Lately I have been applying the notion of a bully to law faculties and I really cannot say there are people roaming who I would regard as traditional bullies.  No one walks up and punches you in the stomach and says "for a dollar that will not happen again," Instead, it is white collar bullying and I have learned there is a huge literature on it.

 On my faculty I have seen people in fear and administrators paralyzed. No,  it's not fear of teaching 12 hours, or of a new Dean, or any of that stuff.   Instead it is the fear of being tagged with a label that could follow you forever. (And yes, you are right. It is the fear you are thinking of right now and wondering if someone is actually allowed to write what follows.)

For example, about a year ago in a prior Dean search one faculty meeting suggested that very well qualified candidate may have homophobic tendencies. Maybe someone asked why but no one pressed the issue. Evidently she just "knew" it. More than a decade earlier, also in a Dean search, someone indicated at a promising candidate had a "problem with people of color."  In neither case did anyone ask "why," "what happened" or ask for any kind of foundation. No one dared press the issue or maybe they just enjoyed watching bullying. More recently,  a person said about another person that "he was widely known to be an extreme homophobe." Was there a reaction? The victim, now deceased, could hardly respond which made it easier for those who mourned him and spoke so eloquently about him at his memorial to remain silent.

What makes this type of bullying so difficult to handle are four factors. First it is especially powerful, The victim cannot spin around, like I did at the water fountain, and stop it. In fact, in these cases any form of denial just means the bully must be right.

Second, some people  who spread the word that others are homophobic or racist or child molesters, may be right but even if they are not right they have conviction of a right wing Christian and, as in the case of other forms of bullying, there is no answer but to nod in agreement.

Third, those bullying are likely to have been bullied in the past. In fact, thinking of well known bullies throughout history, I wonder if this this a characteristic -- those bullied become bullies if it is possible. If this is the case, why didn't  the experience of being bullied result in some level of empathy?

Fourth, and this is the really tough part:  bullying, in the examples I have identified here, is aligned with a good cause. It's like bullying for better treatment of animals, children,  and adults. As for getting it wrong sometimes, an economist might say, "So there are a few innocent victims here and there but the costs of their careers is easily offset by the benefits." Some victims are just necessary collateral damage like the dead children after a drone strike designed to protect us all from another 9/11. I guess we can all understand that but it does not help those who find they are collateral damage.

The problem with this fourth point and possible justification is that it drives the evil that gives rise to the bullying underground. No one's mind is changed and on top of whatever ills there may be, there is now a further layer of resentment.

I do not like bullies of any kind because they get their way by threatening to harm people. Plus, they change  no minds and, if  they claim to be acting to advance a cause, they are more than likely to  set it back.




2 comments:

Tungster said...

This was a really great post.

Athena said...

Dear Jeff,

It makes me really so sad to read you were a victim of bulling during your childhood :( Fearing of being victim of waterboarding is something really terrible! You have all my feelings of sympathy and fraternal friendship.

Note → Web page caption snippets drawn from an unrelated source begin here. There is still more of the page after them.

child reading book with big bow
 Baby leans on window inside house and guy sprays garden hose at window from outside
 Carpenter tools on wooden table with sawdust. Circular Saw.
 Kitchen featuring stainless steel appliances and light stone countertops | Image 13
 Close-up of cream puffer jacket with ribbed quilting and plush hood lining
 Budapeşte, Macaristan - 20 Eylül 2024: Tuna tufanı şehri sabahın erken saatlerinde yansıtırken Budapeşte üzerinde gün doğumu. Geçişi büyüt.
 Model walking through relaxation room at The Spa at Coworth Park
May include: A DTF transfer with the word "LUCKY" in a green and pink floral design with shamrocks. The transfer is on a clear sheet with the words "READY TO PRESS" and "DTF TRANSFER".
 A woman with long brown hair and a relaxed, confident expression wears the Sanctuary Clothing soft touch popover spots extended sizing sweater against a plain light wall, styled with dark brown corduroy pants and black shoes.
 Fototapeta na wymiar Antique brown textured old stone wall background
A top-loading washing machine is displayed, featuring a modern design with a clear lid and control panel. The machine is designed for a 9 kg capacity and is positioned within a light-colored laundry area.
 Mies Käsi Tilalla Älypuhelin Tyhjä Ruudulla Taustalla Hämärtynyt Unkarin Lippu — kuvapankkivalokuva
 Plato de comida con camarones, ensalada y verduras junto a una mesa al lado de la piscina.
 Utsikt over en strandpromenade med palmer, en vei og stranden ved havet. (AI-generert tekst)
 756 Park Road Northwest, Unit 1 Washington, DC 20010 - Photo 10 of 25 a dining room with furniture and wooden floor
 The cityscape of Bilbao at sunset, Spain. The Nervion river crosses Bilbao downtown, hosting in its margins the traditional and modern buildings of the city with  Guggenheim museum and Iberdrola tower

On what you described as bulling in your professional environment i have to say that it is sometimes difficult to discern between defamation, "bulling", against opponents, who are competitors for a place of power, like the place of a dean, or the office of a political leader of a party and the normal reaction of people as a form of counter speech against a political speech of other members of a social environment.

For example, when i see someone making or saying something racist or wrong I have the freedom to criticize it. It is a part of the game in a democracy to have the right of political counter speech and the right to stigmatize antidemocratic behaviours. I am not sure i could accept the two boys they tried to torture you in the school as candidates for the high office of the dean in a university without saying i know that they did, something very wrong, when they were young, because their victim, a real person with a name, told it to me and I have the right to ask them for the reasons of their terrible actions, no matter how much time has gone from the time of the torture in the school. I have like everyone the right of public control and a right to investigate on the democratic feelings and opinions of persons they want to represent others or a whole institution in a society.

In any case you are completely right that when someone calls another one as racist or bigoted he/she must have good arguments and evidence to prove it, otherwise this "labelling" is bulling and defamation and it can be criminalized.

You wrote a very good article!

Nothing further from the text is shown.